Like a mutual fund, an index fund is a collection of the stocks of individual companies. However, an index fund tracks a stock index, commodity index, bond index or some other investment index, rather than being composed of stocks chosen by a manager of some sort. An index fund is composed of all of the stocks on a particular index. The most popular index funds usually involve tracking the S&P 500 index. Indeed, the first index fund — introduced by Vanguard — did just that. But there are other funds that track index performances:

  • Wilshire 5000, which tracks all publicly traded companies in the U.S.
  • Russell 2000, which tracks the companies with the smallest market cap.
  • MSCI EAFE, which tracks global stocks.
  • MSCI Emerging Markets, which tracks stocks in countries with emerging economies.
  • S&P Global Clean Energy, which tracks clean energy stocks.
  • Bond funds that follow the performances of aspects of the bond market.

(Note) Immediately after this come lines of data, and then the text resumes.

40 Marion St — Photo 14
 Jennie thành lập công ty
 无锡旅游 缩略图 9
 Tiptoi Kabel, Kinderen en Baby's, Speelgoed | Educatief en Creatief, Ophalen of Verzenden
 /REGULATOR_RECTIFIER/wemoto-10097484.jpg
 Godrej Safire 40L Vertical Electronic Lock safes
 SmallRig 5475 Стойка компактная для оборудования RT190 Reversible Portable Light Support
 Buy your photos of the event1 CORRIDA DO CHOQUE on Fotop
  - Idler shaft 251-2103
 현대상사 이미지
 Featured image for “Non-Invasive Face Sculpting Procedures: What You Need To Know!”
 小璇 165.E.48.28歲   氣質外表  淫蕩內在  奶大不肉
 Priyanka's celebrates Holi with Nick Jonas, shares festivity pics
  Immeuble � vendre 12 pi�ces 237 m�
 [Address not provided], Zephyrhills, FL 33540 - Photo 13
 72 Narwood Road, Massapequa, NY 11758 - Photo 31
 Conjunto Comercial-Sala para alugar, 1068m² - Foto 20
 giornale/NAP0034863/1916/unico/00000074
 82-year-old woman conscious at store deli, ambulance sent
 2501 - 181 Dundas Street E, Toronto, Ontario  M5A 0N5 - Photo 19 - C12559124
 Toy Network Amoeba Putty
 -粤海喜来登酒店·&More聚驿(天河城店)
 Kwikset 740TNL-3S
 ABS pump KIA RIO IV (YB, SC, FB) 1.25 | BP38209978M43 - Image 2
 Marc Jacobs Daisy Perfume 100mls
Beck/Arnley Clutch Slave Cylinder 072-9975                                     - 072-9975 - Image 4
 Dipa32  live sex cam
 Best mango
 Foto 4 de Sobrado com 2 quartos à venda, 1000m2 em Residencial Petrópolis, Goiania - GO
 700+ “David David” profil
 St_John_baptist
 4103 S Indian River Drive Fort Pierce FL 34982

There are, of course, numerous stock index choices, from those that track oil stocks to tech stocks, and including the ability to invest in funds that follow individual European and Asian stock indexes such as the FTSE 100, Stoxx 600, Nikkei 225 and the Hang Seng. It is even possible to find index tracking funds that are also exchange traded funds (ETFs), allowing you to more easily trade them on the stock market.

Using index funds in your investment portfolio

Index funds offer many advantages to a number of investors. They can provide diversity and relative stability to your investment portfolio over long periods of time. These funds have the advantage of being exceptionally low cost. Because they do not require the help of a manager, index funds often cost between 0.5% and 0.8%. This is much better than the average 1.5% to 2% that you pay for many actively managed mutual funds. When you use index tracking funds, you will find that you get to keep more of your money. It is also worth noting that many index funds are tax efficient. This means that they often manage to avoid realizing significant capital gains that an actively managed fund does. When combined with a retirement account, index mutual funds or ETFs become even more tax efficient.

Index funds are ideal for long-term, buy and hold investors because of their ability to do well over long periods of time. Since they track the stock market, they generally go up when your time frame extends out more than 10 to 15 years. Because, historically, the stock market always gains over the long haul, you are unlikely to lose out if you keep your money in index funds that track the stock market. There are some investors that compose their entire portfolios using index funds, adding foreign funds and commodity funds for a little more risk, and using bond funds as conservative investments. When you properly use index funds, asset allocation can become a little easier, allowing you to easily and precisely allocate your investments in different asset classes by choosing appropriate index funds and investing in them in the ratio that you desire. This takes away the guess work of figuring out which asset class a particular investment falls under. Your investments in each asset class will also be diversified as an additional bonus

You should note that many index funds require high minimum investments. This can make it somewhat difficult to get started with index fund investing. However, it is possible to find online investment accounts and work through other brokerages (almost everyone loves Vanguard) that have lower limits. In some cases, it is possible to avoid the minimum as long as you sign up to automatically invest from your checking account every month. Index ETFs offer the opportunity for you to track an index, but without the worry of minimums. Popular ETFs that track indexes include Spiders, Vipers and iShares.